Nel 1862 Dickens scrive a due amici di due opere liriche che ha potuto vedere durante il suo soggiorno a Parigi. Quella con cui Dickens stava facendo conoscenza a Parigi era l'arte scenica nelle sue quattro connotazioni principali: il buon allestimento di opere nuove come Faust, la ripresa soddisfacente di opere vecchie come Orfeo; il contributo che, sul piano della potenza e della plausibilità, un'opera riceve dai movimenti, dai gesti e dalla caratterizzazione generale dei cantanti-attori; e infine l'arricchimento che effetto e atmosfera di un lavoro ricevono da ogni sorta di specialisti operanti dietro le scene (come gli addetti alle luci, intenti forse a sbizzarrirsi con quelle tecniche comportanti l'impiego di luci della ribalta elettriche e riflettori ad arco voltaico che negli anni Sessanta dell'Ottocento avevano cominciato a soppiantare l'illuminazione a gas allora correntemente usata in teatro).

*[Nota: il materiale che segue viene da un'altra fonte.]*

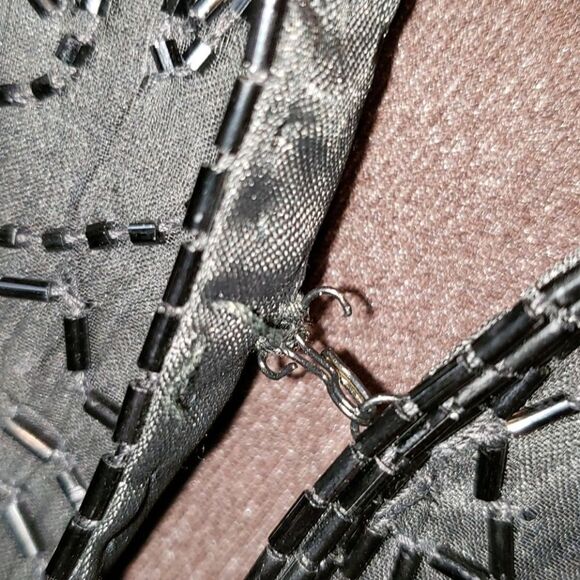 VNTG Silky Nites NY Pure Silk Beaded Jacket - Picture 7 of 9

Il teatro alla moda di Benedetto Marcello

C’è un libello satirico risalente agli anni intorno al 1720 e scritto da Benedetto Marcello, avvocato, amministratore, poeta e compositore veneziano, che si riteneva superiore alla stragrande maggioranza dei componenti delle compagnie teatrali che negli ultimi settantacinque anni avevano assicurato a Venezia una posizione di indiscussa supremazia nel campo dell'opera. Il suo libro, Il teatro alla moda, è un'incalzante sequela di ironiche raccomandazioni indirizzate a una compagnia “alla moda” e riguardanti in pratica ogni aspetto delle attività che questa deve svolgere: stesura dei libretti, composizione delle partiture, quadratura dei conti e, naturalmente, allestimento scenico.

Benedetto Marcello presuppone una visione ideale - concreta e seria - dell'allestimento scenico di un'opera, una specie, quasi, di grammatica di base quale è possibile realizzare unicamente a patto che sia stata preventivamente superata, da parte delle persone alla moda, ogni tentazione di cedere alla vanità, all'egocentrismo, alla pigrizia, alla trascurataggine e a ogni ingenuità fuor di luogo. Una siffatta “grammatica” richiede il rispetto dei valori verbali e musicali del libretto e della partitura; la presenza, all'interno di una compagnia lirica, degli opportuni canali di comunicazione, nonché una situazione soddisfacente sul piano dello scambio di consigli e assistenza; richiede, inoltre, che tutto il lavoro sia sottoposto a una disciplina e a un controllo adeguati e che i cantanti-attori si diano reciproca collaborazione muovendosi sul palcoscenico con varietà e finezza d'atteggiamenti, mantenendosi costantemente in ruolo.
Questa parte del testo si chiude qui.